No matter what is going on in my life once I plant my skinny arse in the driver seat of my lil ’86, my world centres and I know exactly where I am in the world and no longer feel lost. It’s a odd to say this out loud about a car. Really how can hundreds of nuts and bolts, some sheets of steel ,some fabric and a chemical energy reaction can create the sort of feelings I guess a ‘normal’ person may only get from another living being.
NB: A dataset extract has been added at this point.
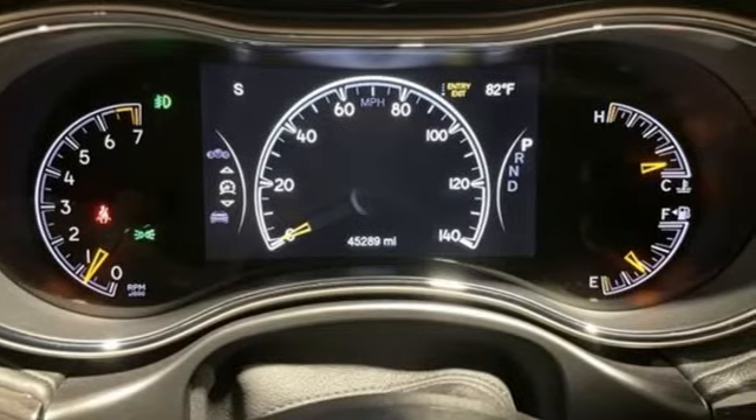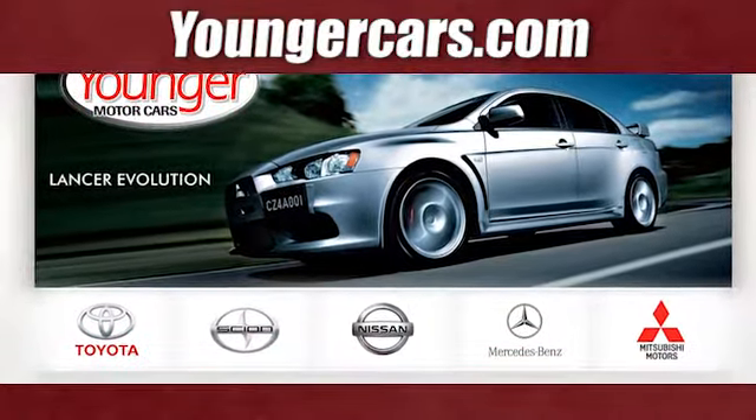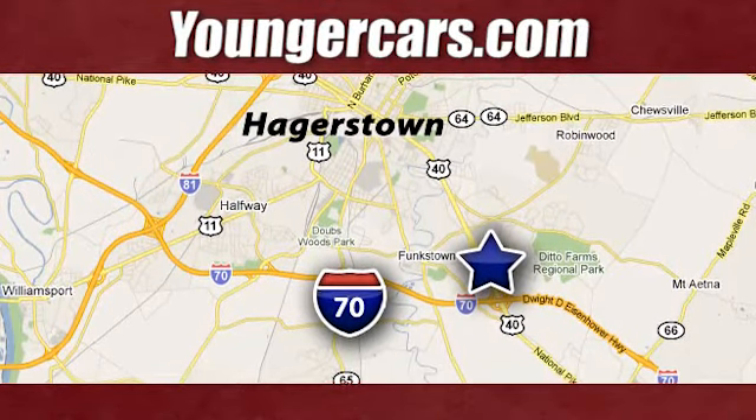Everywhere you want to go, anything you want to do, Jeep takes you there. Take it for a test drive today. Visit our website at YoungerCars.com. We're conveniently located at 1945 Dual Highway in Hagerstown, Maryland.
Yeah sure we have those days, weeks or even months where we hate this stupid abortion of 1980s produce, I for one have threatened more than once of using the rays from the optical sunflare and gravity from the moon to burn my car to a crisp via heat transfer. But once she is running right again and you take her for that test drive to check everything is ok, that stupid smile comes over your face and you are in love again and planning the next mods and improvements you will be making.
I suppose a lot of this probably sounds a lil hooky-pooky and some would turn their noses up to such a gesture or feelings for a car and maybe its all the Bob Dylan Albums I have currently being listening to, But as I begin to start a project that will have nothing to do with a sprinter and it’s a project that will prevent me from building anotherAE86 for at least 2years, it gives me the chance to realise how much I enjoy the AE86 culture/lifestyle and most importantly the hachiroku itself. The small one that has given me so many good times, great friends, opened so many doors and given me the chance to express myself outside of my families usual style allowing myself to break my own mould a little.
So I have a lot to be thankful to this 1 tonne of Japanese metal, twin cam, two-door ‘sports car’ from a era of bad hair, shocking clothes, ALF and Tape Decks. To those about to rock (an AE86) I salute you! Keep the dream of Toyota’s last rear wheel drive Corolla alive! The car, like so many of our heroes, proves its worth when it is in doubt: it still prevails. And to those of us that are present ’86’ers remember even though “Times are Changing” our lil Hachi Roku is still the same!